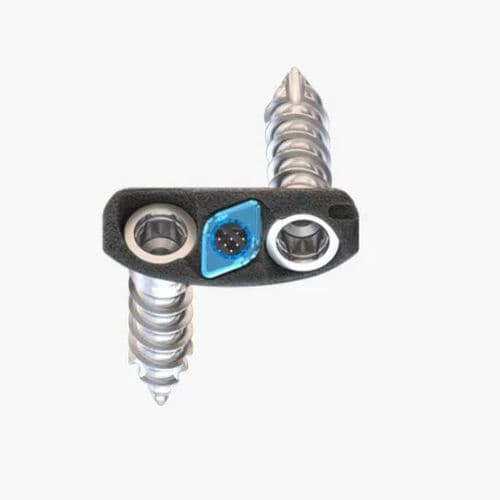 Caja intersomática cervical - Idys®-C ZP 3DTi - Clariance - vía anterior / de titanio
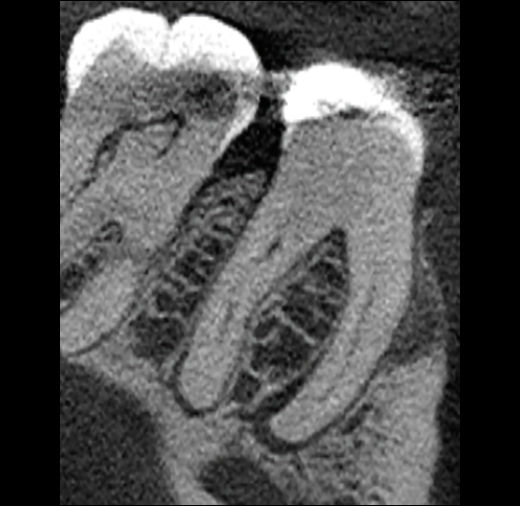 2026 04 30 40 Yo Woman Lesion Endo Insider 400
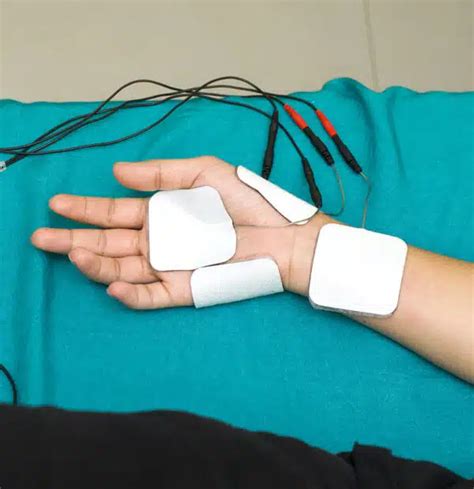 Carpal Tunnel Denville Medical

> [What to produce] Pictures stay out; the data above is to be returned exactly.

> [Completed task]
 Caja intersomática cervical - Idys®-C ZP 3DTi - Clariance - vía anterior / de titanio
 2026 04 30 40 Yo Woman Lesion Endo Insider 400
 Carpal Tunnel Denville Medical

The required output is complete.